Danny Ramos - 2013
Danny Ramos is the manager for The Morningstar Company’s Lucero Farms Central San Joaquin Valley crop production activities. He is responsible for the company’s farming operations and is also the one who develops efficient production paradigms for crop productivity and quality for the largest processing tomato production company in the world. The tremendous initiatives that he has instituted within Morningstar during the past few years in terms of implementing a whole host of conservation tillage practices for tomatoes, corn and cover crops are nothing short of phenomenal and abundantly qualify him for our Workgroup’s 2013 Conservation Tillage Farmer Innovator Award. Danny is a unique person with respect to his drive toward CT and is thus quite deserving of our prestigious Workgroup recognition.
Danny began the very ambitious conservation tillage work of Morningstar back in 2010 when he initiated a series of demonstration evaluations involving the use of off-season cover crops coupled with minimum and strip-till management for tomato production in 2011. He himself organized very well coordinated farm field evaluations of different cover crops, different cover crop management, followed by strip-till and minimum tillage in both Hollister and Madera and invited CASI Workgroup members to work with him to evaluate the performance of these approaches. This initial season of experimentation provided him with several insights and the determination to improve this CT approach in the 2012 season. During these early efforts, he created each of the implements needed to perform these operations including an 8-row 60 inch strip-tiller that was the first such implement ever built.
Following this first season of exploratory CT work which Danny allowed our University of California Cooperative Extension team to monitor at both the Hollister and Madera sites, he then geared up to expand the use of cover crop CT systems for not only additional tomato acreage in 2012, but also some of the rotation land that Morningstar farms to corn. He prepared a 16-row 30 inch strip-tiller that he used to strip-till into burned down cover crop ahead of corn planting with a John Deere no-till planter that he had equipped with precision monitors and GPS. He graciously held a field day for students in the class of Ken Heupel at California State University, Fresno in May of 2012 out at the Madera site and he very carefully and thoroughly walked students through the entire CT program that he has developed. This field day was a very generous effort on the part of Danny and because I was also there with him that day, I witnessed firsthand the tremendous impact he had on these students in terms of demonstrating to them just how innovation takes place and the attention to equipment detail that is required to succeed with successful conservation tillage alternatives. He also has very graciously provided on-site visits and observations to CASI tomato studies underway at the WSREC in Five Points, CA and has given staff at the field station guidance and advice regarding tomato transplanter equipment.

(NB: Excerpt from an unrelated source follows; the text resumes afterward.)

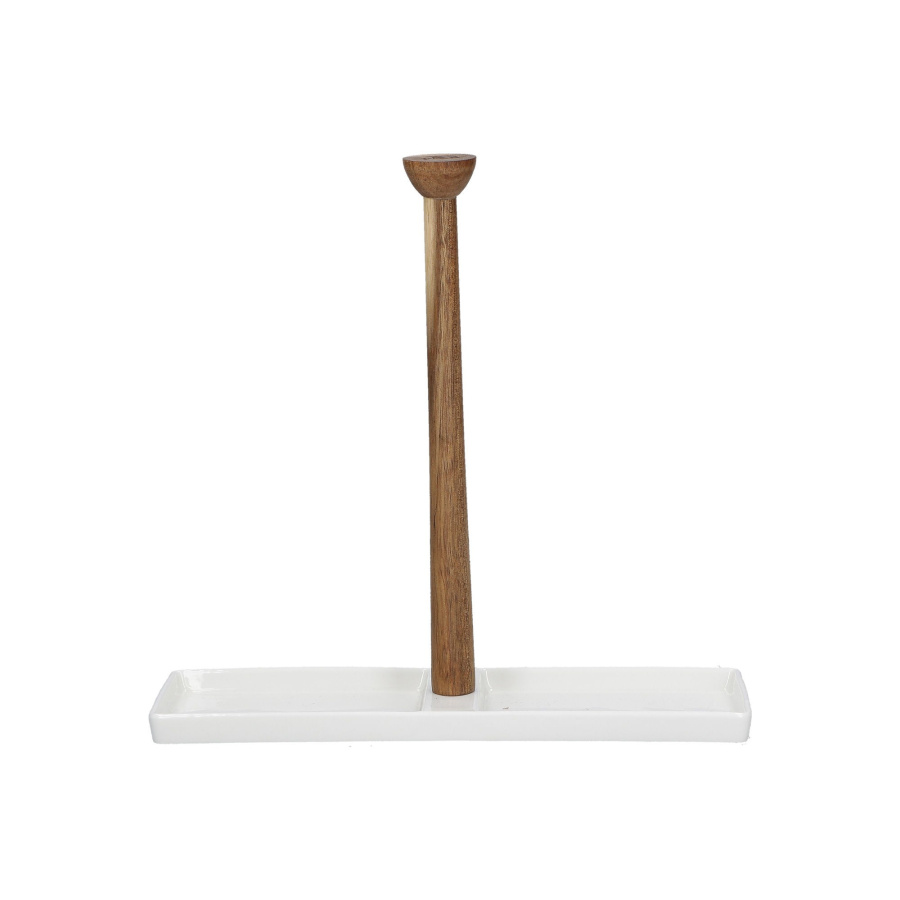 Taca do serwowania z uchwytem conserva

Earlier this spring, Danny also graciously took part in the video production CASI has now created on conservation tillage tomato production systems. He is prominently featured in this video and forthrightly shares with people who will watch this video the steps he and Morningstar have taken to make CT tomato production systems successful.
From the footage of Ramos in this video, it is clear just how committed to CT that he and Morningstar are but also just how successful any sort of production system change must be in order for them to accept and adopt it at a wider scale. Balancing the long-term benefits to the soil that may be accruing with CT over time with the immediate need to be profitable, efficient and able to produce high quality processed tomato products, is the production goal that Ramos and Morningstar seek to achieve.
In 2012, Danny also did something with CT that had previously never been contemplated and certainly not tried in California. He effectively ‘double cropped’ tomatoes and strip-tilled corn in the same field.
Then, in 2013, he made a huge positive out of a near-failed wheat crop due to the drought and limited irrigation allocations to no-till plant and irrigate up cotton on the 60 inch beds he rotates tomatoes and wheat on in a field in South Dos Palos out on Nees Avenue near I-5. In doing this, he took considerable risk by doing something that has not been done on significant acreage in the San Joaquin Valley since our very first CT Farmer Innovator Awardee, Bob Prys, did it in a small 28-acre field in Riverdale. Danny’s stand is now up and following some rather anxious days during which he carefully watched the crop emerge, he has now declared that it has been successful and he also graciously hosted a public no-till field day event there on May 30 as part of our CASI educational offerings. When asked by a UC Davis student, Annie Bossange, why he is doing this no-till approach, Danny answered, ‘Because it is a challenge.’ It is this attitude of taking on quite hard CT challenges that has characterized Danny’s phenomenal accomplishments to date. He is abundantly qualified and deserving of our Workgroup’s 2013 CT Farmer Innovator Award and we very enthusiastically congratulate him for this high honor.
It is highly fitting that our Workgroup honor Danny Ramos as a 2013 CT Farmer Innovator.